According to one estimate, it would require 2.4 million of the most advanced Bitcoin mining computers to compromise the network and roughly the same amount of electricity that is consumed by the whole of Morocco.

But with smaller and less established blockchain networks, the amount of computing power required to carry out a successful 51% attack is far lower. And the way to carry out such attacks can be surprisingly affordable – thanks to mining pools.

Mining pools can cripple a network

Because it has become increasingly difficult for miners to generate a block and earn the cryptocurrency reward, miners have pooled their resources in so-called mining pools.

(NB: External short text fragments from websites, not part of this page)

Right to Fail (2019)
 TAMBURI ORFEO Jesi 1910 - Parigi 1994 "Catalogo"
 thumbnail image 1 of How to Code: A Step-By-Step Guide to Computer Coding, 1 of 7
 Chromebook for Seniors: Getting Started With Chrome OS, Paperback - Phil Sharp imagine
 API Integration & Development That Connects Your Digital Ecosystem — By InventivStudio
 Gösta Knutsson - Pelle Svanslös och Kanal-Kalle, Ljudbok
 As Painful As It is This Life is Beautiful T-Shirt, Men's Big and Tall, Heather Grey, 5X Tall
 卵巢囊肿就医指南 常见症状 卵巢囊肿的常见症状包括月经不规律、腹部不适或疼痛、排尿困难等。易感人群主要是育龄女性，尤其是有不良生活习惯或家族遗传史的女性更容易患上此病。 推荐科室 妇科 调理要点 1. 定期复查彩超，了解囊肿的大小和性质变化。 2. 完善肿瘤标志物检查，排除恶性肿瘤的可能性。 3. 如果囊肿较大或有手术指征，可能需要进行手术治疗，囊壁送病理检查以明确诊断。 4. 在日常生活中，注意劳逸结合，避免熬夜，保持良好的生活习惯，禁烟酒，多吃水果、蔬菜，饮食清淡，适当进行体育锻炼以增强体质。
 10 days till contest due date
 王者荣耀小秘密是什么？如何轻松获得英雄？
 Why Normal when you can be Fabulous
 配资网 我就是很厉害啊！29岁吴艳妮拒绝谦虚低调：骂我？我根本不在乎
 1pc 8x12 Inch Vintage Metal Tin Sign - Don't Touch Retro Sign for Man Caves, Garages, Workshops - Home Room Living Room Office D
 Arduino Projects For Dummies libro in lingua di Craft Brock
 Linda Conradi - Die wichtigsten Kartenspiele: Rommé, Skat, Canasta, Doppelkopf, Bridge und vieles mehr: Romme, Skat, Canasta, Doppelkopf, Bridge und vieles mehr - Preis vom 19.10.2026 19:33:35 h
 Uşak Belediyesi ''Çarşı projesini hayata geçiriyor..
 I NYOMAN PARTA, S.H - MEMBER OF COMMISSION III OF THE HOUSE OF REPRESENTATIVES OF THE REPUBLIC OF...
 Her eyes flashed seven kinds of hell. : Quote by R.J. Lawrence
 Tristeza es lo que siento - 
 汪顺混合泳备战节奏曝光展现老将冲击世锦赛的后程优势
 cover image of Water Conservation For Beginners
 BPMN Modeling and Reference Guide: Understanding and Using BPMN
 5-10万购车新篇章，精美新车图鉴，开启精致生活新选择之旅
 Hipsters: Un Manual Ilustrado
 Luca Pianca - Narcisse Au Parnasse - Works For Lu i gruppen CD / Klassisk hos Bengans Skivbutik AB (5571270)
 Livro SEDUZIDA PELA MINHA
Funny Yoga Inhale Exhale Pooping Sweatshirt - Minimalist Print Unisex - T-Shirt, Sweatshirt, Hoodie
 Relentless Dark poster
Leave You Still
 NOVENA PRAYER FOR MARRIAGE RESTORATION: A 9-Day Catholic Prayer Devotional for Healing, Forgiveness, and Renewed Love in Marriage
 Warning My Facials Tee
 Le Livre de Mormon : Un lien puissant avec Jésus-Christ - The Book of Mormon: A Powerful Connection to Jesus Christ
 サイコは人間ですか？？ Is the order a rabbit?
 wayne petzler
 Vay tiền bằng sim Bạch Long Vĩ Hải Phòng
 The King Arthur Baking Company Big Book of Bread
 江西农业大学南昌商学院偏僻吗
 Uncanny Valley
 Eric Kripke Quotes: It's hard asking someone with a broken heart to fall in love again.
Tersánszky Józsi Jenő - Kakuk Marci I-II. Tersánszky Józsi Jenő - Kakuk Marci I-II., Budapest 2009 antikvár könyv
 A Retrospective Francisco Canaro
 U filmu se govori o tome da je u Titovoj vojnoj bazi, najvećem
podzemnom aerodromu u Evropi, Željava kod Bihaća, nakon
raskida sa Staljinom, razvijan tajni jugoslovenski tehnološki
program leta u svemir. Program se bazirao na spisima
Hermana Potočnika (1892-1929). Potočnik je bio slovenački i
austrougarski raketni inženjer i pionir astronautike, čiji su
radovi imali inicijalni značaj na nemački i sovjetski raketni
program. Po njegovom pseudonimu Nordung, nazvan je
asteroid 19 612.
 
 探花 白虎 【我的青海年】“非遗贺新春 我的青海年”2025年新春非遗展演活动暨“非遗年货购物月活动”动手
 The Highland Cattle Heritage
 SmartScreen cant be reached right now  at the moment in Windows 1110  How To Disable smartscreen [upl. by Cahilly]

These mining pools can be rented out, giving the buyer control of the sum power of this pool.

“Based on current estimated prices on nicehash.com, an attack on ETC would require roughly $65,000 dollars a day to implement at current difficulty levels,” says Ben Schmidt, CSO at PolySwarm a cybersecurity marketplace that runs on the Ethereum blockchain and rewards white hat hackers with cryptocurrency.

“With this power, attacks can fool exchanges into approving transactions of a much larger dollar amount, making it potentially quite profitable.”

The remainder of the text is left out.